UCO has higher volatility (18.06%) compared to WXET (11.79%). In terms of maximum drawdown, WXET dropped -48.31% vs UCO's -99.86%.
On 1-year performance, UCO leads with 53.08% vs -7.86% for WXET. Both ETFs have the same 0.95% expense ratio. On volatility, WXET has been the lower-risk option at 11.79%. The better choice depends on whether you care most about return, fees, risk, or income.
Over the 1-year period, UCO has performed better with a 53.08% return vs -7.86%. Past performance does not guarantee future results, so compare this with risk, fees, and fund exposure.
WXET and UCO have the same expense ratio: 0.95% per year.

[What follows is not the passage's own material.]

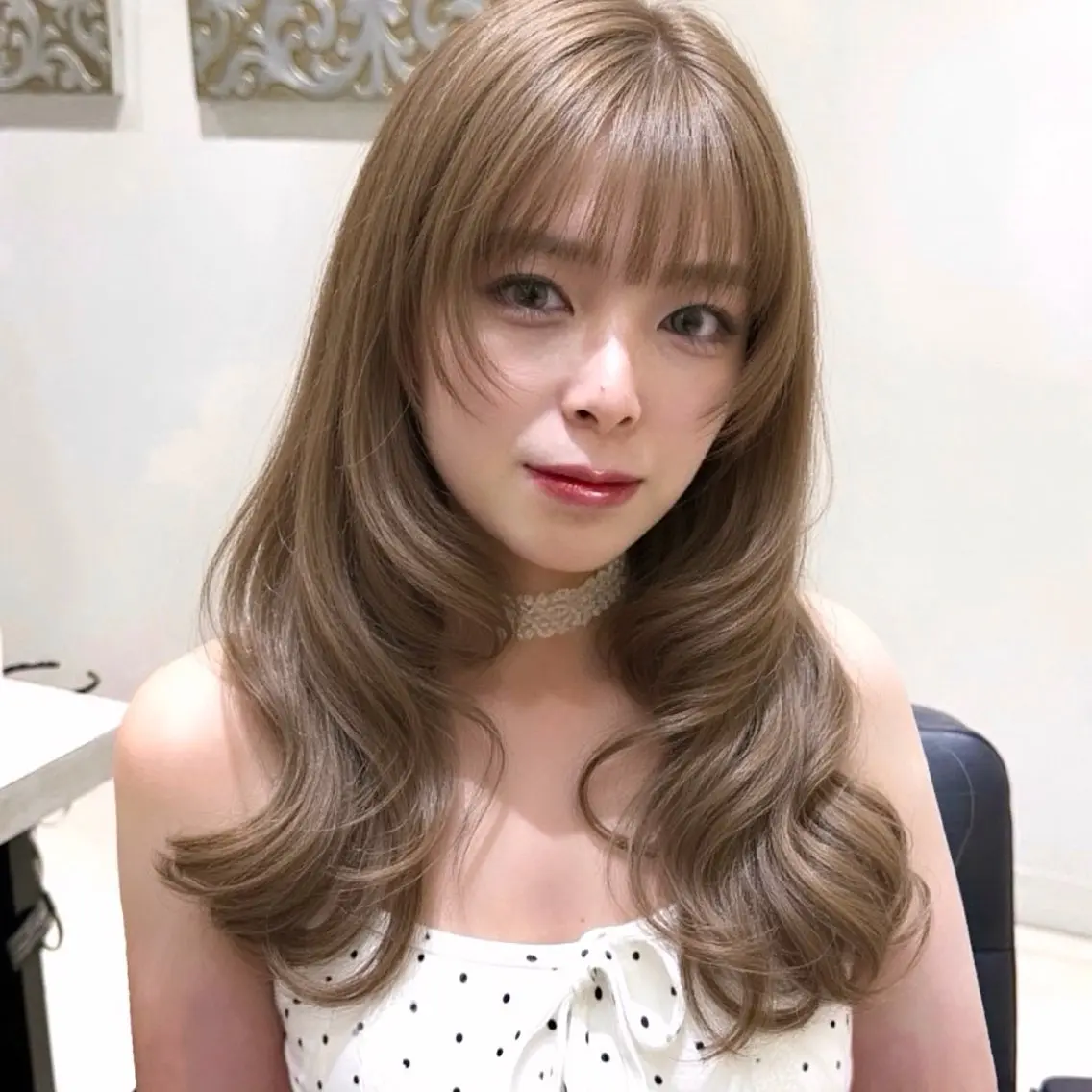ロング カラー ベージュカラー ミルクティーベージュ カット ヘアカラー レイヤー×髪質改善 🌀渋谷 KANAのヘアスタイル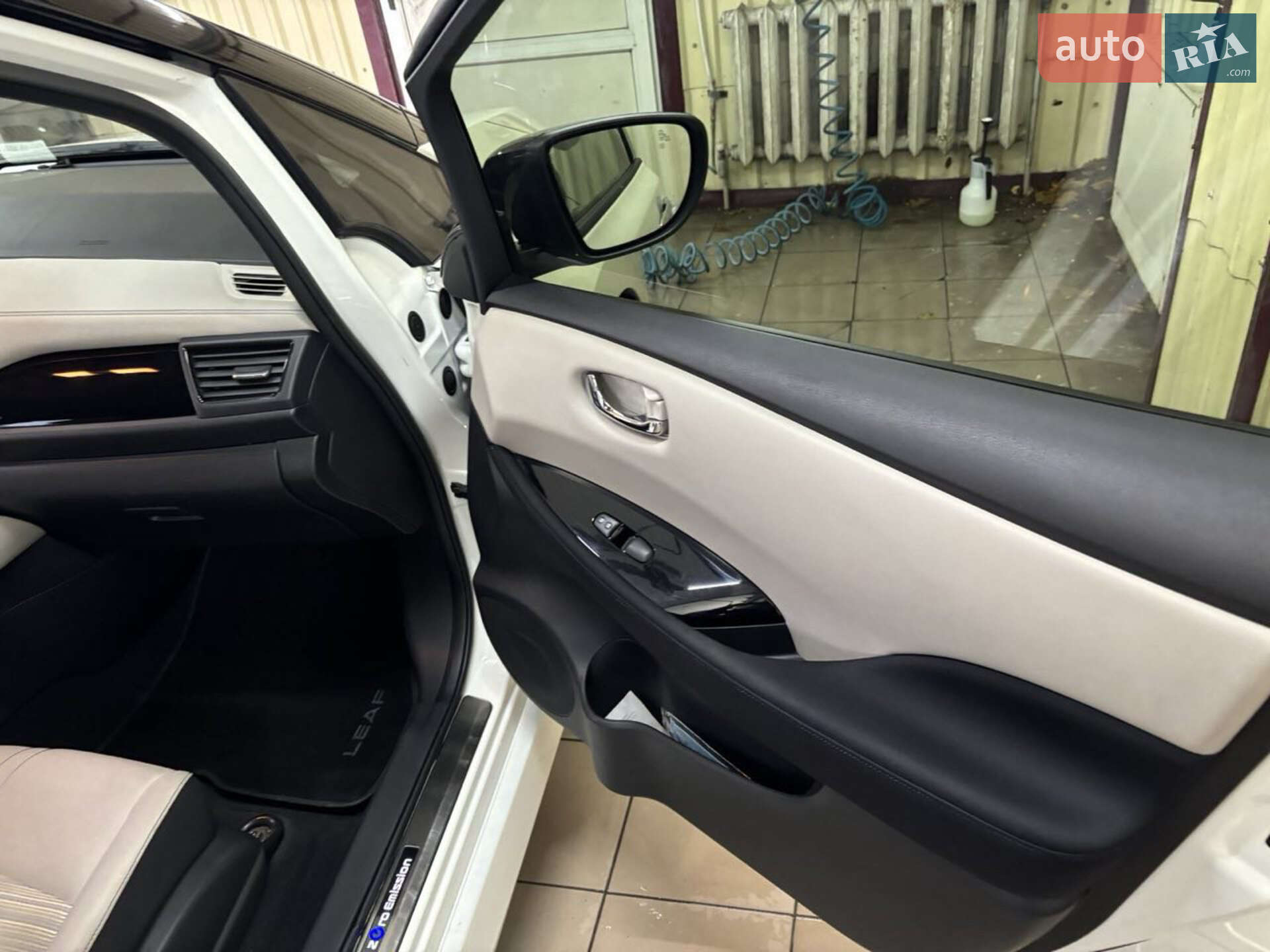 Nissan Leaf 2021 VIN SJNFAAZE1U0130271 фото оголошення 24 з 25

WXET has the higher dividend yield at 1.97%, compared with 0.00% for UCO.
WXET is categorized as Leveraged Commodities, while UCO is Oil & Gas. They also come from different issuers: Teucrium and ProShares.
UCO currently has the higher Sharpe Ratio (0.95 vs -0.16), meaning it's delivered slightly more return per unit of risk over the trailing 12 months. However, this ranking shifts over time - use the Risk/Return Score above for a more comprehensive view that combines Sharpe, Sortino, and other measures used by quantitative funds.